┌─ Data supplied

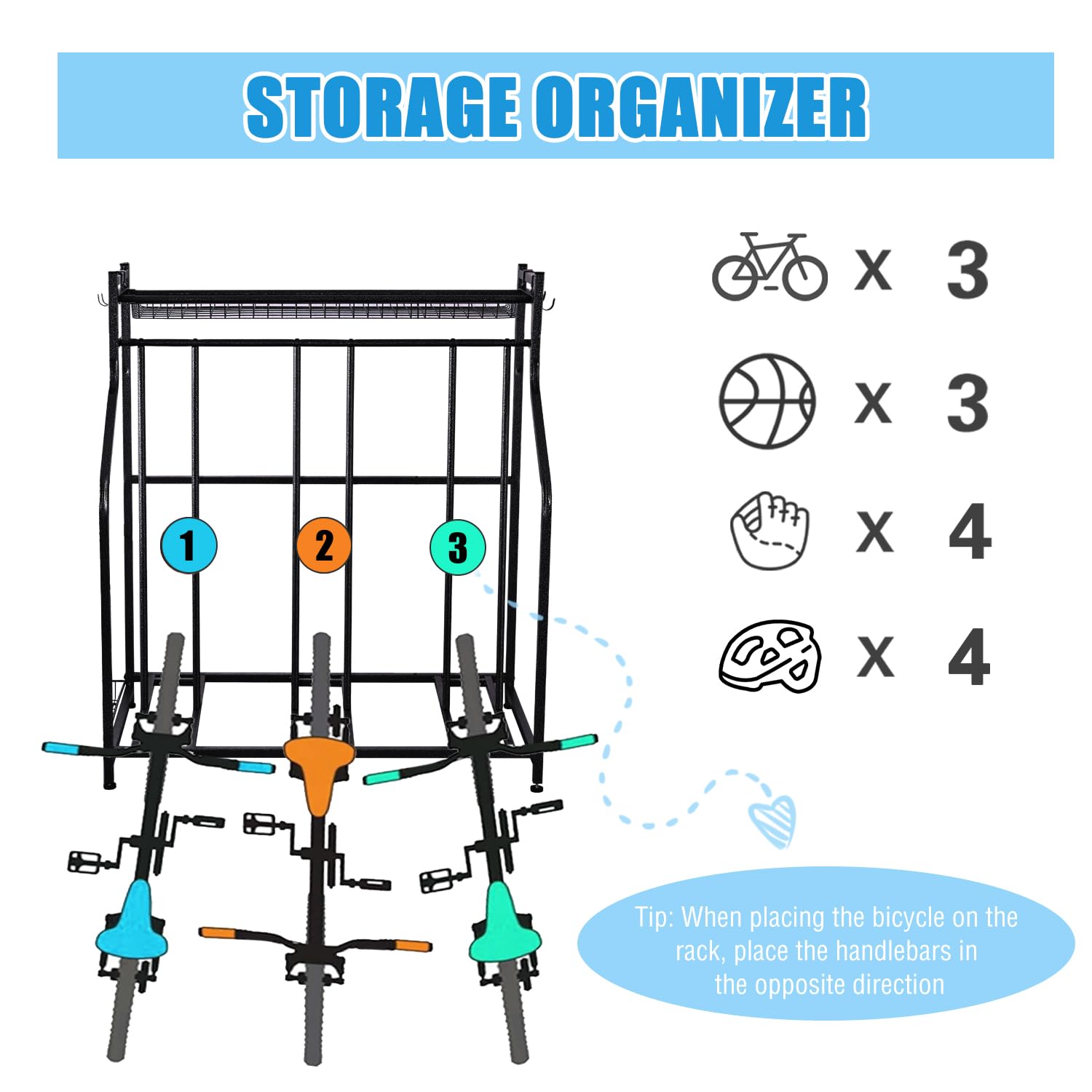 Mythinglogic 3-Bike Floor Parking Stand - Heavy Duty Free Standing Bike Rack for Garage Storage Organizer (Fits Adult & Kids Bicycles) - Perfect for Home, Garage, and Apartment Bike Organization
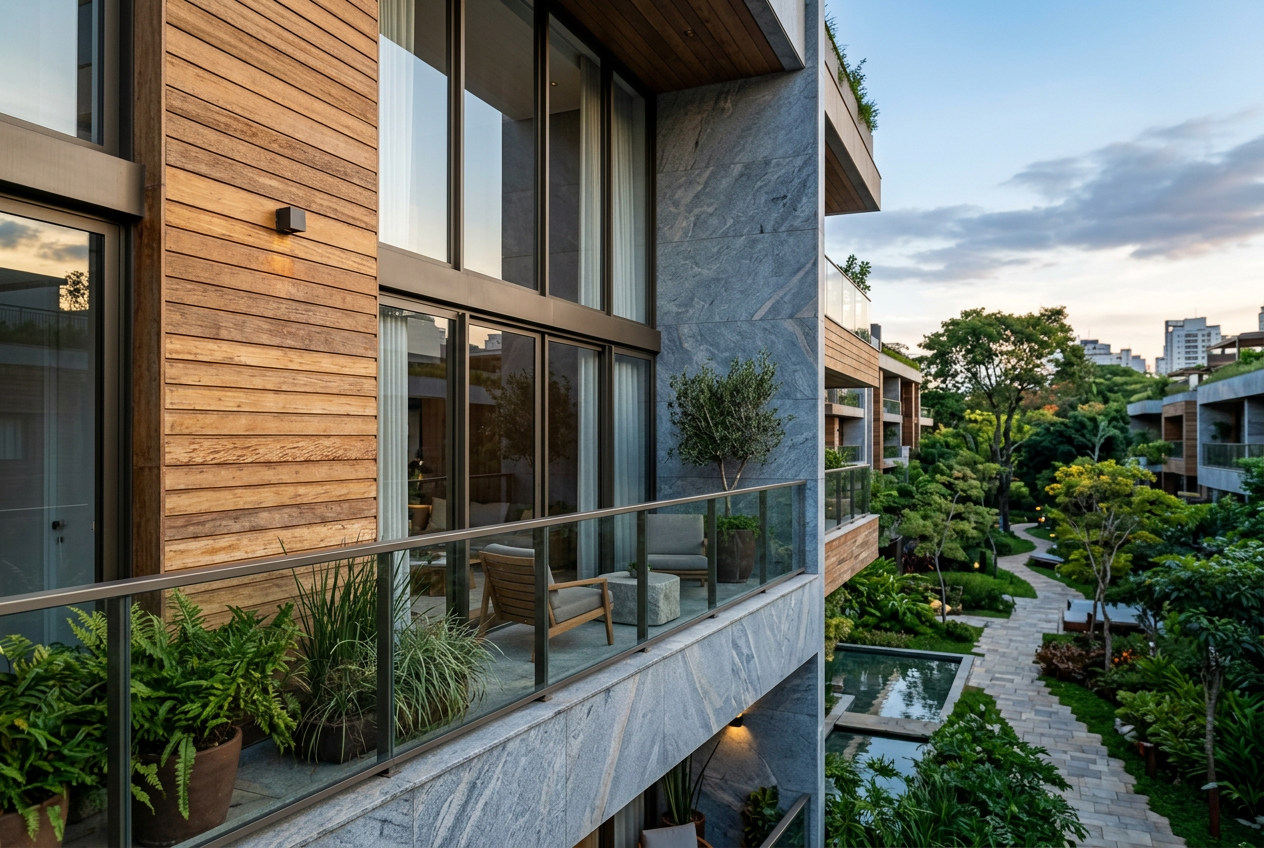 Arquitetura de conexões: detalhe de acabamentos nobres e contemporâneos.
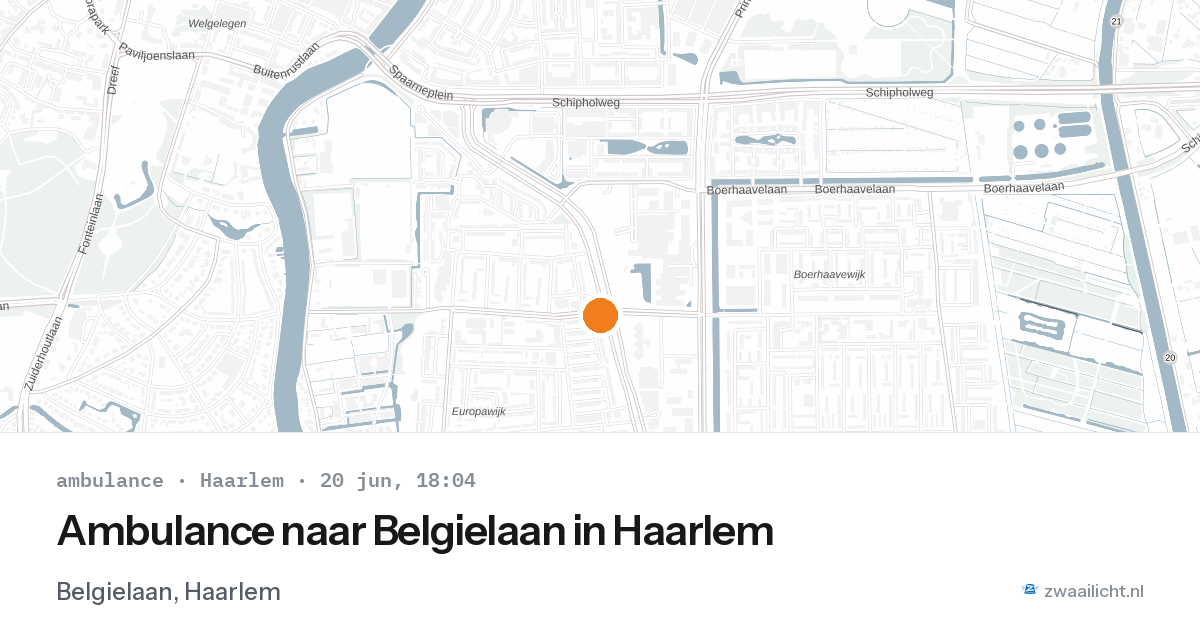 Ambulance naar Belgielaan in Haarlem — 20 jun 2026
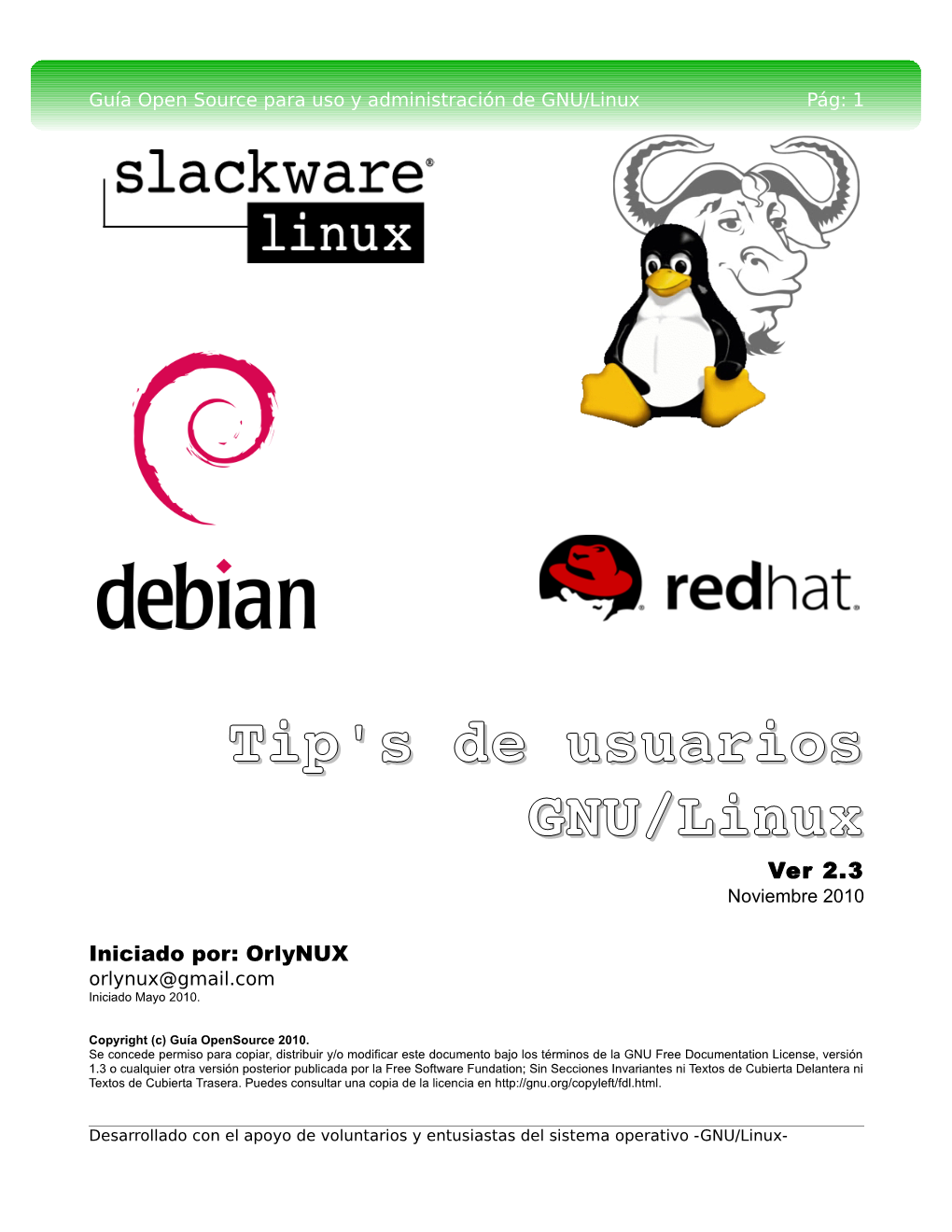 Tip's De Usuarios GNU/Linux GNU/Linux Ver 2.3 Noviembre 2010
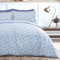 Sleepdown Ditsy Flowers Bettwäsche-Set mit Bändern, Rückseite, weich, pflegeleicht, 200 x 200 cm, Blau/Weiß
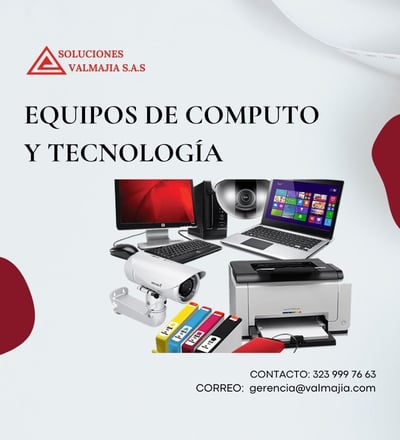 Tecnología para oficina: computadores, impresora multifuncional, tóner y tintas.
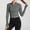 Gray, variant on Ahabrexf Long Winter Coat, Women's Half Zip Tight Elastic Drying Sports Long Sleeve Standing Collar Top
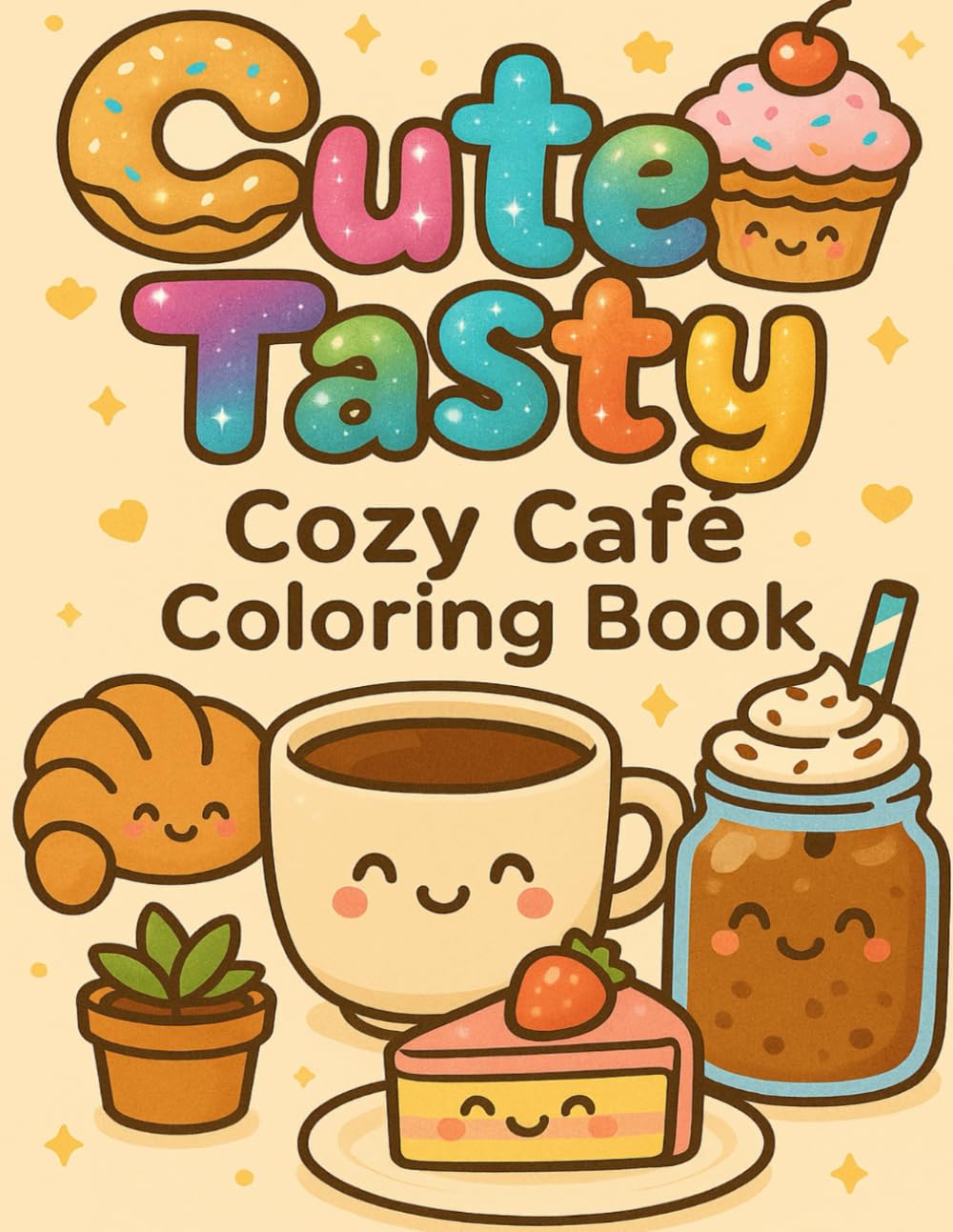 Cute & Tasty: Cozy Cafe' Coloring Book
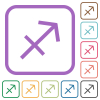 Sagittarius zodiac symbol simple icons in color rounded square frames on white background - Sagittarius zodiac symbol simple icons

└─

About this exercise: Would you copy the lines from the one holding "Gray, variant on" down to the last line of the material, both included, exactly and with nothing added, skipping the pictures?

Output of the task:
 Gray, variant on Ahabrexf Long Winter Coat, Women's Half Zip Tight Elastic Drying Sports Long Sleeve Standing Collar Top
 Cute & Tasty: Cozy Cafe' Coloring Book
 Sagittarius zodiac symbol simple icons in color rounded square frames on white background - Sagittarius zodiac symbol simple icons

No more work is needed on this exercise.